HRAD has always been about deconfusion (though I agree we did a terrible job of articulating this), not about trying to solve all of philosophy or “write down a perfectly aligned AGI from scratch”. The spirit wasn’t ‘we should dutifully work on these problems because they’re Important-sounding and Philosophical’; from my perspective, it was more like ‘we tried to write down a sketch of how to align an AGI, and immediately these dumb issues with self-reference and counterfactuals and stuff cropped up, so we tried to get those out of the way fast so we could go back to sketching how to aim an AGI at intended targets’.
I think that the issue is that I have a mental model of this process you describe that summarize it as “you need to solve a lot of philosophical issues for it to work”, and so that’s what I get by default when I query for that agenda. Still, I always had the impression that this line of work focused more on how to build a perfectly rational AGI than on building an aligned one. Can you explain me why that’s inaccurate?
From my perspective, the biggest reason MIRI started diversifying approaches away from our traditional focus was shortening timelines, where we still felt that “conceptual” progress was crucial, and still felt that marginal progress on the Agent Foundations directions would be useful; but we now assigned more probability to ‘there may not be enough time to finish the core AF stuff’, enough to want to put a lot of time into other problems too.
Yeah, I think this is a pretty common perspective on that work from outside MIRI. That’s my take (that there isn’t enough time to solve all of the necessary components) and the one I’ve seen people use in discussing MIRI multiple time.
Actually, I’m not sure how to categorize MIRI’s work using your conceptual vs. applied division.
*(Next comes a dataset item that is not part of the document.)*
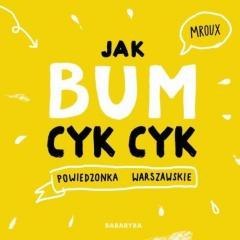Jak bum cyk-cyk! Powiedzonka warszawskie TW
I’d normally assume “conceptual”, because our work is so far away from prosaic alignment; but you also characterize applied alignment research as being about “experimentally testing these ideas [from conceptual alignment]”, which sounds like the 2017-initiated lines of research we described in our 2018 update. If someone is running software experiments to test ideas about “Seeking entirely new low-level foundations for optimization” outside the current ML paradigm, where does that fall?
A really important point is that the division isn’t meant to split researchers themselves but research. So the experiment part would be applied alignment research and the rest conceptual alignment research. What’s interesting is that this is a good example of applied alignment research that doesn’t have the benefits I mention of more prosaic applied alignment research: being publishable at big ML/AI conferences, being within an accepted paradigm of modern AI...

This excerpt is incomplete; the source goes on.